Crapo, a member of the Congressional Boating Caucus and the Co-chair of the Congressional Sportsmen's Caucus, said judicial interpretations of environmental law could have penalized boat owners for incidental discharge related to bilge water, engine cooling water and common deck runoff. He co-sponsored the Clean Boating Act (S. 2766) that was introduced by Senator Bill Nelson (D-Florida) to codify a 34-year old exemption recreational boats have from permitting requirements for incidental discharge under law.
A U.S. District Court had nullified rules put in place by the U.S. Environmental Protection Agency (EPA), and overturned the exemptions. That ruling, which came as the result of a lawsuit brought with the intention to protect waters from invasive species carried aboard ships in ballast water, could have also affected the nation's eighteen million recreational boats. Ballast water, which is largely used by commercial boats, is carried on board to ensure stability.

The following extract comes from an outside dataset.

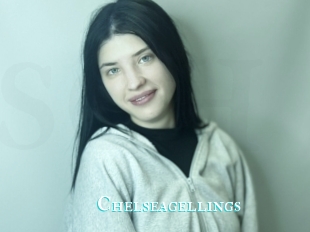 Chelseagellings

"Now that Congress has acted to restore this exemption, family boaters will not face the threat of complying with a burdensome and costly permitting system," Crapo said. "This unintended action could have also affected canoes and kayaks, but we found unanimous support in Congress to stop this threat." Groups supporting the legislation include the Blue Ribbon Coalition, the Congressional Sportsmen's Foundation and the National Marine Manufacturers Association.